Chers collègues, chers amis,

C’est une joie toujours renouvelée de se retrouver ainsi à l’occasion du traditionnel cocktail des éditeurs français à Francfort. Merci d’être si nombreux à partager ce moment avec nous.

La Foire internationale du livre de Francfort est une occasion privilégiée d’échanger avec les professionnels du livre du monde entier eux pour découvrir la vitalité, la richesse et l’innovation de nos productions éditoriales réciproques.

L’enjeu est aussi politique :  à travers les livres, les auteurs, nos langues respectives, il s’agit bien faire voyager et dialoguer nos cultures par-delà les frontières.

Ecrire, publier, diffuser, traduire, et faire ainsi circuler les mots et les idées, c’est défendre le droit à la culture. Et c’est notre devoir.

 « Tout ce qui travaille à la culture travaille aussi contre la guerre ».

  • Cette phrase de Sigmund Freud prend une résonance bien particulière aujourd’hui : Alors que la guerre est aux portes de l’Europe, en Ukraine, à 1500 kilomètres d’ici.
  • Alors que chaque jour, des auteurs, des éditeurs, des journalistes sont victimes de persécutions, emprisonnés, torturés, assassinés pour oser dire, écrire, publier.
  • Alors que le harcèlement et les appels à interdire des livres montent en puissance aussi dans les pays du Nord et notamment aux Etats-Unis…

Il faut encourager et saluer plus que jamais toutes les actions qui contribuent à résister à cette montée de la violence et à ces coups de boutoir contre la liberté de penser et de s’exprimer, contre la liberté, tout court, et contre la vie humaine.

Je pense ici au travail de l’Union Internationale des éditeurs, dont le SNE est un membre actif, qui vient de décerner à la maison d’édition thaïlandaise Same Sky Publishing, le prix Voltaire qui chaque année récompense l’engagement d’un professionnel de l’édition pour la défense de la liberté d’expression.

Je veux saluer également le travail du World Expression Forum, lancé à l’initiative de nos amis norvégiens et dont le SNE est devenu membre cette année. Ce forum nourrit l’ambition de promouvoir et de renforcer la liberté d’expression dans le monde : une agora commune pour toutes celles et ceux qui sont convaincus, comme nous, que cette liberté, et celle de publier, sont l’un des fondements de toute société démocratique.

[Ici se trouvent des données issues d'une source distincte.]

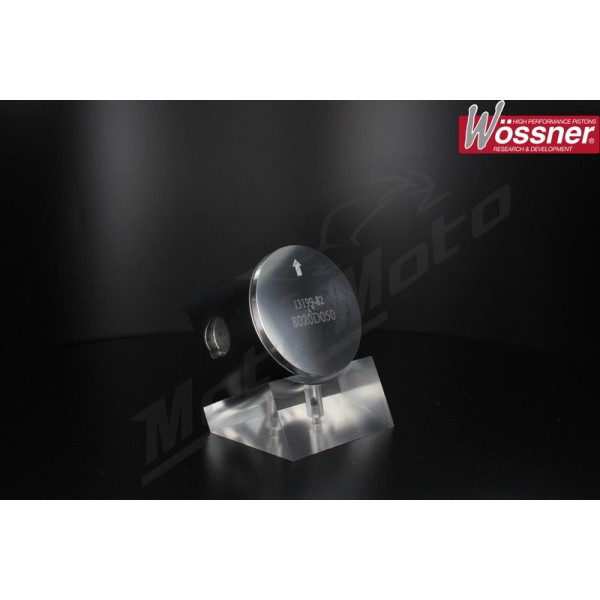 WÖSSNER Forged Piston 53,95-54,95mm Honda CR 125 92-99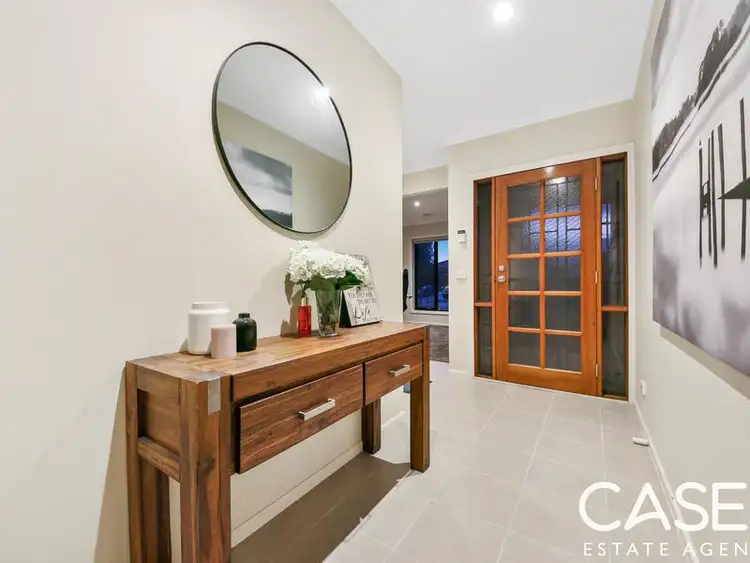 Third view of Homely house listing, 24 Beechtree Way, Cranbourne North VIC 3977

Saluer enfin les initiatives de la Fédération des éditeurs européens, qui grâce à l’énergie de Anne Bergman, a notamment lancé une campagne de levées de fonds, en solidarité avec nos confrères ukrainiens : une campagne qui a d’ores et déjà permis de recueillir plus de 50 000 euros destinés à distribuer des livres aux enfants réfugiés ukrainiens. Les dons sont toujours bienvenus.

Je vous invite à venir nombreux écouter le message que le Président ukrainien, Volodymyr Zelensky, a souhaité délivrer à l’attention des éditeurs du monde entier, et qui sera diffusé demain à 12h30 lors du rendez-vous de la FEE.

 

Travailler à la Culture, comme le dit Freud, c’est pour ce qui nous concerne, publier, faire traduire, diffuser des livres ! 

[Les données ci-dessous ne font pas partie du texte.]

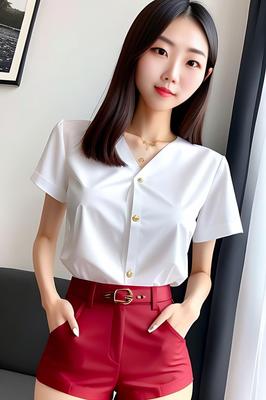 日本人女性-v1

Et dans ce contexte inédit de sortie de crise sanitaire mondiale, force est de constater que l’édition a bien résisté.

J’ai eu l’occasion de le dire, l’année 2021 a été une année totalement hors norme pour l’édition française : 486 millions de livres vendus, en croissance de 15,3% par rapport à 2020. Un chiffre d’affaires des éditeurs français en augmentation de 12,4% ; 17% même hors livres scolaires !

A l’international, l’activité des maisons d’édition françaises a été également extrêmement dynamique : en hausse de 17% par rapport à 2020, près de 17 000 titres ont été cédés. L’édition jeunesse et la Bande dessinée représentent presque 60% du total des contrats de cessions.

Tout ceci est rendu possible grâce au travail des services culturels et chargés du livre dans les ambassades à l’étranger, de l’Institut Français, du CNL et bien sûr du BIEF, de son Président, Antoine Gallimard et de son directeur général, Nicolas Roche, associé à celui de toutes ses équipes.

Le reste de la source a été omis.